Pour le Dr Colin Furness, épidémiologiste spécialiste du contrôle des infections et professeur agrégé à l'Université de Toronto, il s'agit là de la partie la plus déroutante et déconcertante du plan de la province.

Colin Furness, épidémiologiste et professeur à la Faculté de l’information, Université de Toronto.

Le Dr Colin Furness croit que la capacité de dépistage aurait pu être augmentée. (Archives)

Photo : Radio-Canada

Demandons à nos enfants tous les jours : "Est-ce qu'il manquait beaucoup d’enfants dans ta classe aujourd'hui?" Si oui, il faut avoir peur, a déclaré le Dr Furness.

Nous allons vivre des moments très difficiles au cours des prochaines semaines, a-t-il déclaré vendredi à l’émission Metro Morning de CBC Radio.

Nous aurions pu renforcer les capacités de test [de dépistage PCR], selon le Dr Furness. Nous avons eu 20 mois [pour le faire]. Les technologies sont là. Nous avons décidé de ne pas le faire.

Il ne fait aucun doute qu'une grande partie de la population de l'Ontario sera exposée, des nourrissons aux résidents des foyers de soins de longue durée, et notre système de santé ne pourra pas faire face à cette situation, selon lui.

Dans son entrevue à l’émission Metro Morning, le Dr Moore a déclaré qu'il pensait que le ministre de l'Éducation Stephen Lecce s'exprimerait publiquement vendredi sur la réouverture des écoles. CBC News a tenté à plusieurs reprises de contacter le ministre de l'Éducation, mais n'a pas encore reçu de réponse.

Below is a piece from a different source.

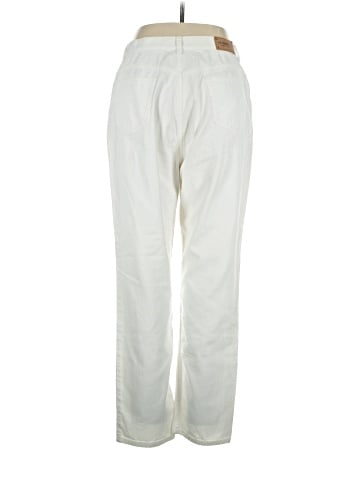 Liz Claiborne Jeans (view 2)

Une lettre aux bureaux régionaux

Dans une lettre adressée aux services de santé publique de Toronto et de Peel, le Dr Furness a demandé aux unités de santé locales de retarder la réouverture des écoles de trois semaines. Ceci, selon lui, permettrait de répartir le nombre de nouvelles infections et donnerait plus de temps aux enseignants et aux élèves pour se faire vacciner.

La province affirme que le délai de deux jours imposé jeudi lui permettra de fournir des masques N95 au personnel des écoles et des garderies et de déployer 3000 unités de filtres HEPA autonomes supplémentaires dans les commissions scolaires.

Dans un courriel adressé à CBC News, un porte-parole du Bureau de santé publique de Toronto affirme qu’on y examinait l'annonce provinciale et qu’une mise à jour serait publiée prochainement. Le bureau de santé publique de Peel a confirmé la réception de la lettre du Dr Furness, mais a déclaré qu'aucune mesure locale supplémentaire n'était envisagée.